▸ GOAL OF THE EXERCISE: Make an exact copy, from the records below, of the lines from the line containing "Used Rossignol Sender" to the line containing "Spor kadını yan koltukta koşuyor.", both lines included, excluding pictures.

▸ DATA LISTING:
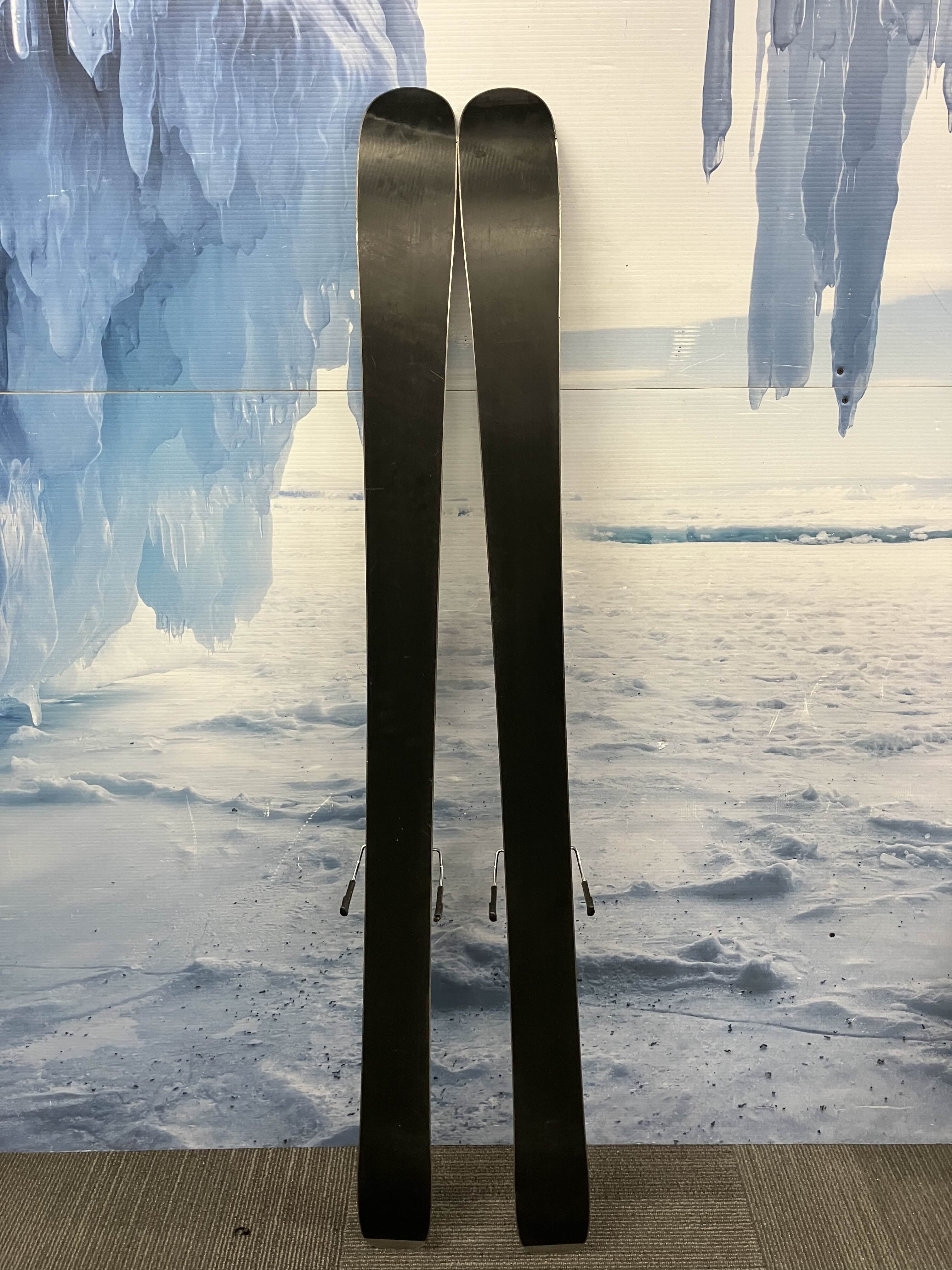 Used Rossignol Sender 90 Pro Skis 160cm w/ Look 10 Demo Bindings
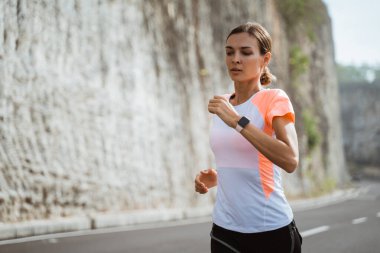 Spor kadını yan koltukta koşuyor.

* * *

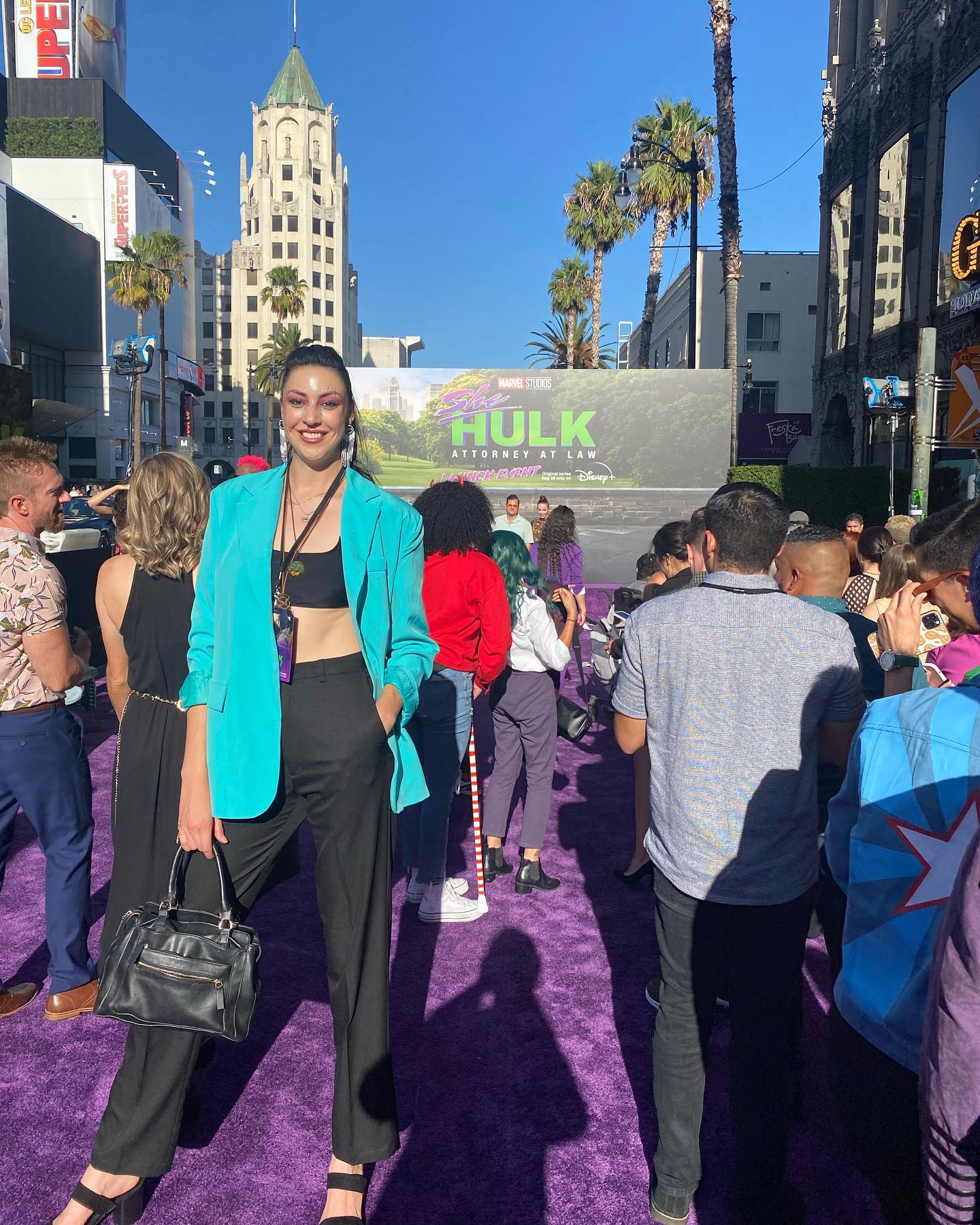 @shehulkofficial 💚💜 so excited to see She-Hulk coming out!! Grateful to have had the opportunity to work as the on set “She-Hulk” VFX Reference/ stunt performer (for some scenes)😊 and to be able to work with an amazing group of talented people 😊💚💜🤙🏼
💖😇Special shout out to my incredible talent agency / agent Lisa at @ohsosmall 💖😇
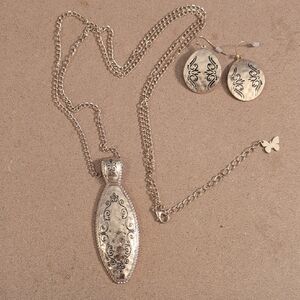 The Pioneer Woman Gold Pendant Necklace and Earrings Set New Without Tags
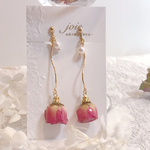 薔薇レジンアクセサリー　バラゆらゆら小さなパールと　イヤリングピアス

▸ RESULT FOR THIS EXERCISE:
 Used Rossignol Sender 90 Pro Skis 160cm w/ Look 10 Demo Bindings
 Spor kadını yan koltukta koşuyor.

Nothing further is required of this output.